Pendant ce temps là, à New York, Sharkboy est en plein désarroi (oui, mon blog est international). Deux semaines plus tôt il s’inquiétait de craquer pour une jolie fille plus âgée. Il avait surtout peur de s’attacher, rapport au fait qu’il est Sharkboy et que les femmes sont faites pour êtes mastiquées jusqu’à disparition totale de la saveur, puis nœud à la capote, poubelle et suivante. Mec, je suis accro et j’aime pas ça qu’il me maile. Damn. A mon petit niveau j’allume une cigarette en chocolat sur mon balcon imaginaire et je me souviens de décembre. A l’époque il avait rencontré une fille juste adorable et magnifique. Un soir de beuverie au coca, il me confiait que celle là, ouais celle là il pensait rester avec un moment, parce qu’elle vaut le coup. Non c’est sûr, y’a moyen qu’il se range. En fait, décembre pour Sharkboy, c’était so 2009.

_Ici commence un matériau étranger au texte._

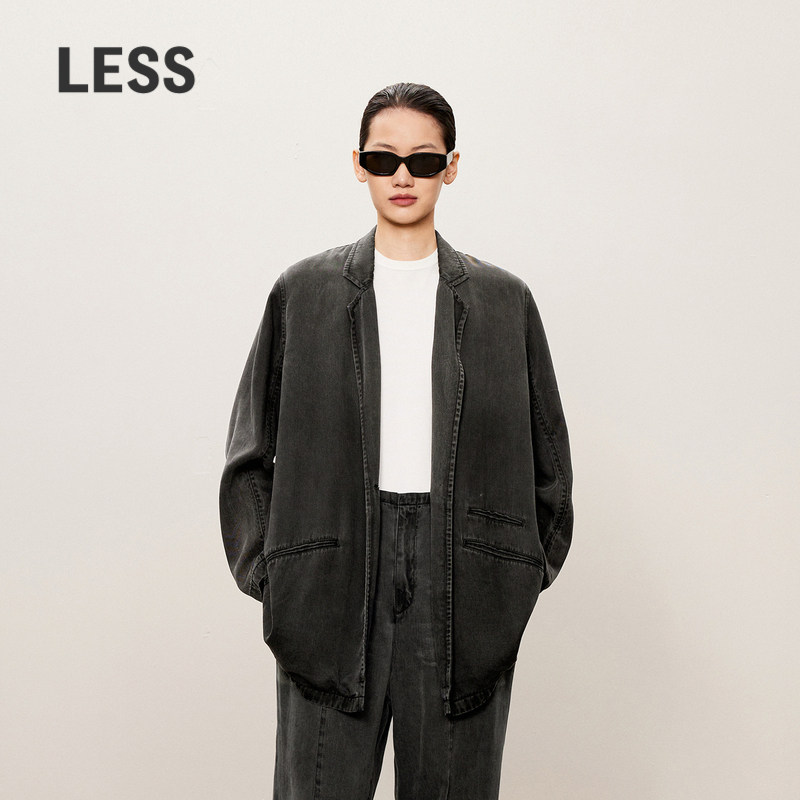 LESS做旧复古莱赛尔牛仔夹克外套图片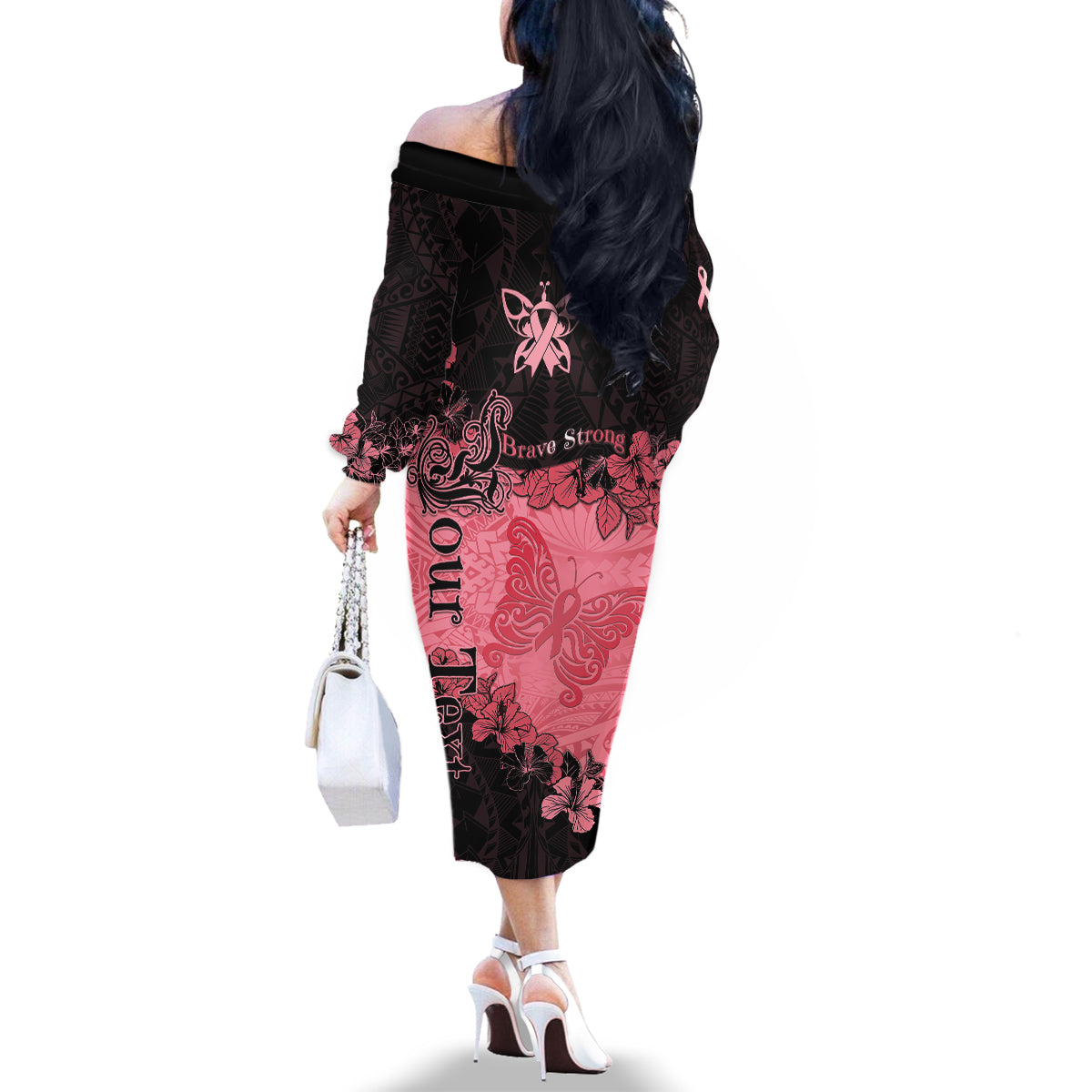 Personalized Breast Cancer Family Matching Off Shoulder Long Sleeve Dress and Hawaiian Shirt Survivor Polynesian Ribbon Butterfly LT05 - Polynesian Pride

Quelque part je suis content d’avoir Pollux comme meilleur ami. Pas seulement parce qu’il a la puissance nécessaire pour balayer mes ennemis d’un revers du petit doigt. En vérité Pollux est peut-être le dernier ami proche qui soit en couple, depuis longtemps, et heureux. Pas de crasses à base d’amants dans le placard, pas de coups de pute ou de périodes sans. Pollux et Polluxette sont ensemble, et bien ensemble. Je me demande si depuis un moment je ne choisis pas de me rapprocher des mecs instables sentimentalement de manière inconsciente, par mimétisme avec ma propre situation. J’arpente les routes du pays où tout le monde est célibataire et où tout le monde se jure à intervalles réguliers que celle là, c’est la bonne. Dans le doute, parfois, ça se tape ses exs. A force j’en arriverais presque à croire que tous les mecs de mon âge en sont là. Alors j’appelle Pollux, et ça va mieux.
En attendant de retrouver ma fougue et de briser le cercle vicieux du néant, je vais continuer à manger des pizzas et échanger des mails avec les optimistes aux résolutions aussi fragiles que sincères. A force, ils finiront bien par se surprendre, et moi avec.